[Opening Provided material section]

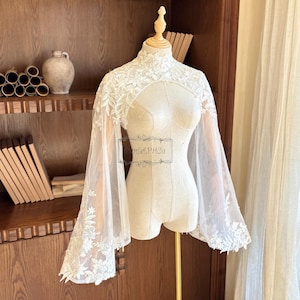 A line halter neck wedding dress 60 photos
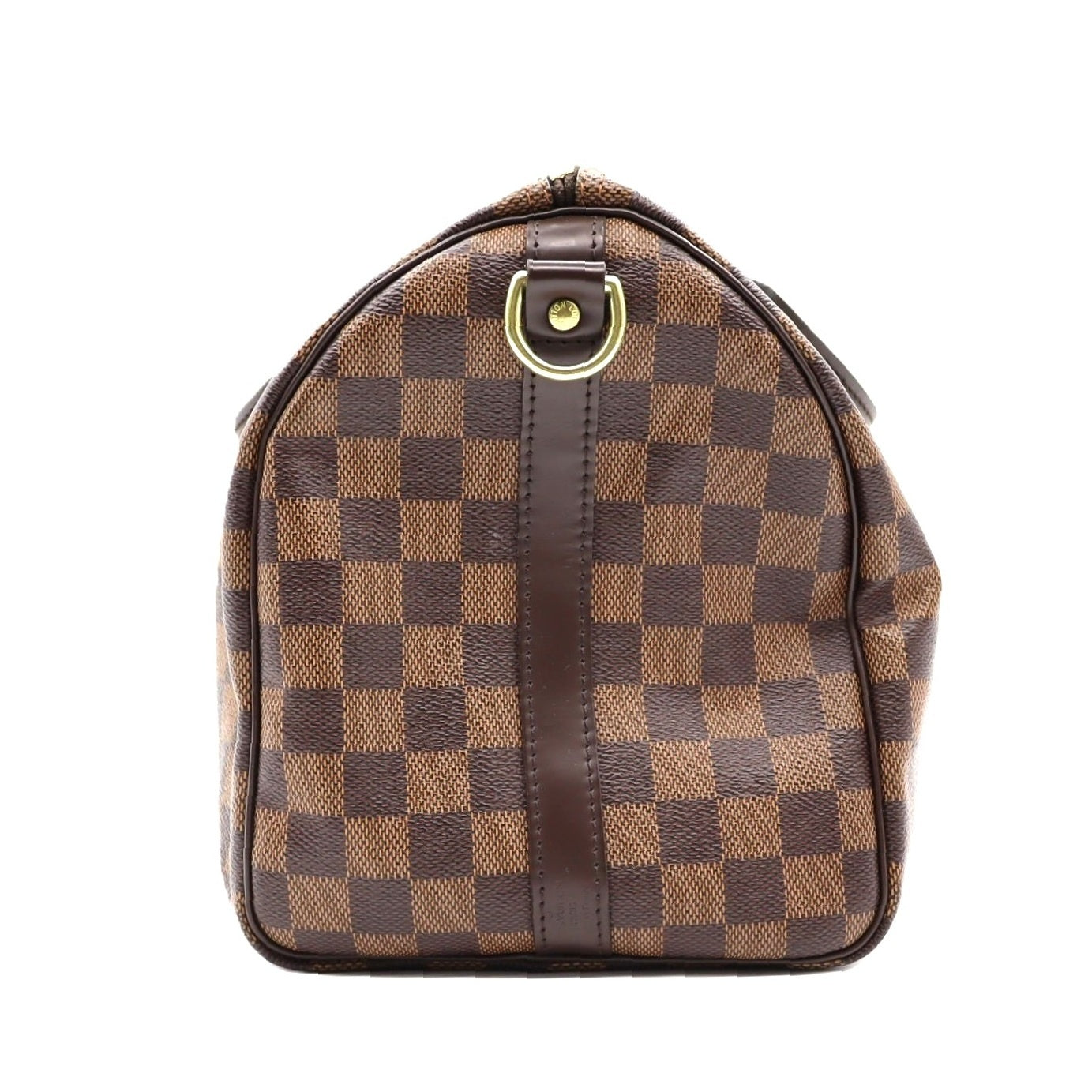 Louis Vuitton Speedy Bandouliere 30 2way Shoulder N41367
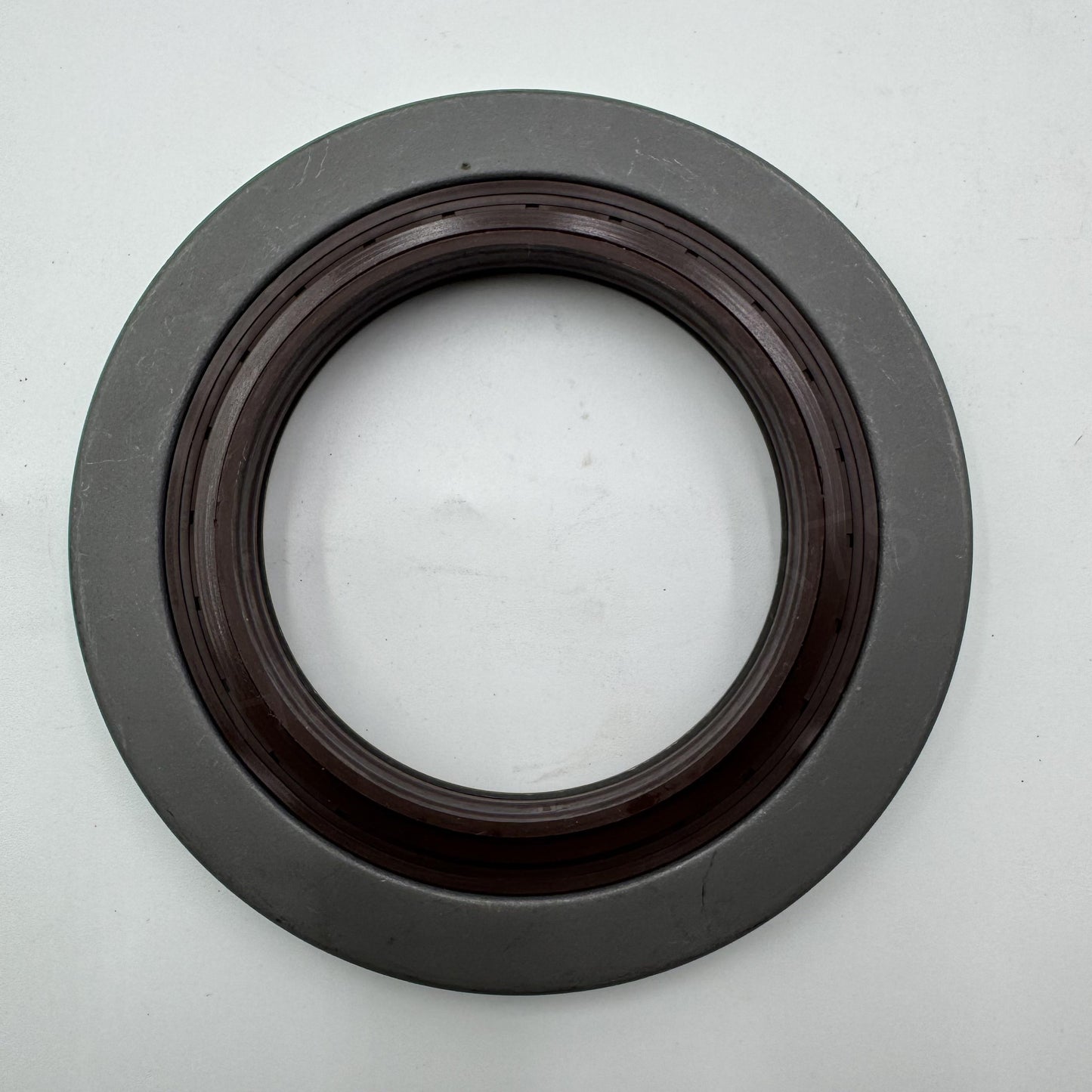 85140 wte Seal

[Closing Provided material section]

What is expected
Pictures aside, retype the material exactly.

Exercise solution
 A line halter neck wedding dress 60 photos
 Louis Vuitton Speedy Bandouliere 30 2way Shoulder N41367
 85140 wte Seal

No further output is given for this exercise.